眠る横で
五魔集めもいよいよ後一人。
そう意気込み旅を再開させたノエル達は、ラクシャダで移動を開始していた。
レオナのいた町を離れ数日、ラクシャダの中では屋敷の庭でノエルがレオナ相手に剣を振るっていた。
レオナは片手でそれを受けながら冷静にノエルを観察している。
「はあ!せい!」
「振りが大きいわよ。もう少し脇しめて。後剣での自分の間合いを把握して。剣を自分の手の延長だと思いながら振りなさい」
「はい!」
ノエルの気迫に、レオナは小さく笑みを浮かべる。
ノエルは漸くここまで来たと思うと同時に、レオナの時殆ど役に立てなかった事で自分に力が足りないと改めて実感した。

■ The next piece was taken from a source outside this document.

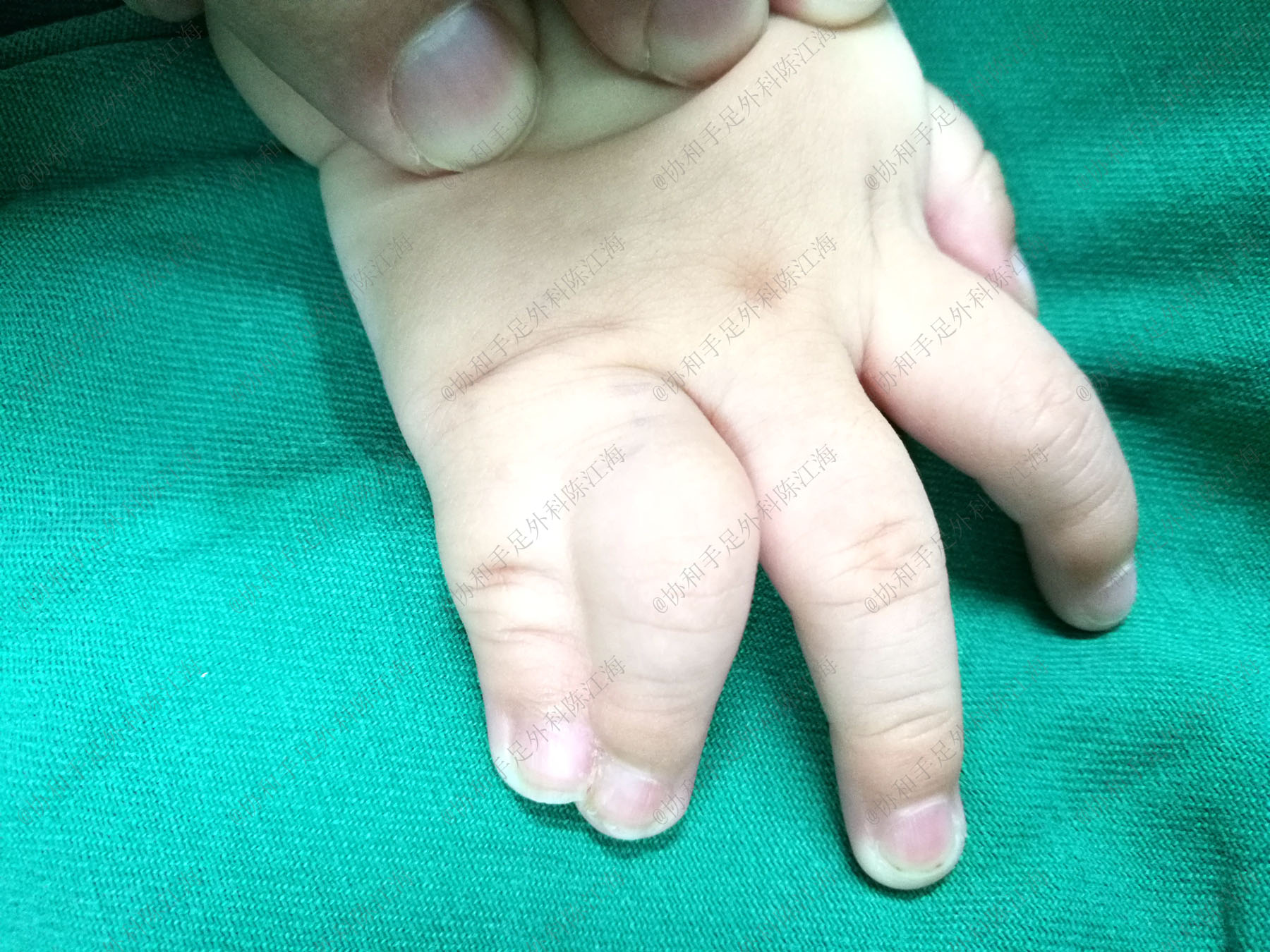 宝宝并指手术需植皮，妈妈哭求用自己的，医生：现在有免植皮技术-春雨医生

そこでレオナに頼み、剣術の修行を付けてもらうことにしたのだ。
元々リナの重力のかかった鎧とライルと組手をしていたこともあり、ノエルの体はレオナの剣術の稽古にもそれなりに付いてこれる体にはなっていた。
因みにノエルの剣はレオナが稽古用に造った模造刀である。
「はい、ここまで。まだ剣に体が振り回されてるわね。もっと剣を自分の一部だという自覚を持って。それくらい体に馴染ませるの」
「はい!ありがとうございました!」
稽古を終えたノエルに、ジンガがすり寄ってきた。
「うん、終わったよ。また後で頼むねジンガ」
頭を撫でられ、ジンガはゴロゴロと喉を鳴らす。
「随分そいつの言ってることがわかるようになったじゃねぇか」
ジンガと触れあうノエルを見て、リナは感心したように言った。
「ジャバさんのお陰です。凄く丁寧に教えてくれますから」
「知らねぇやつが見たら結構異様な光景だけどな」
ライルはジャバに魔獣の扱い方を習うノエルの姿を思い出し苦笑する。
巨人とゴツい鎧の騎士が時おり変な声を上げながら魔獣と触れ合っている姿は、なかなか滑稽な風景だった。
「あ、そろそろ食事の準備しないと!レオナさん、ありがとうございました」
「ええ。わからないことがあったら聞いてね」
「はい。行こうジンガ」
ノエルはジンガと共に屋敷に入っていった。
「逞しい弟子だね~。それに引き換え…おいジャバ!いつまで落ちこんでんだよ!?」
「うがぅ・・・」
ジャバは庭の隅で膝を抱え小さくなっていた。
実は今回、1つ問題が発生していた。
ジャバが魔人ルシフェルこと、ルドルフ・ミレ・エルモンド の匂いを見付けられなかったのだ。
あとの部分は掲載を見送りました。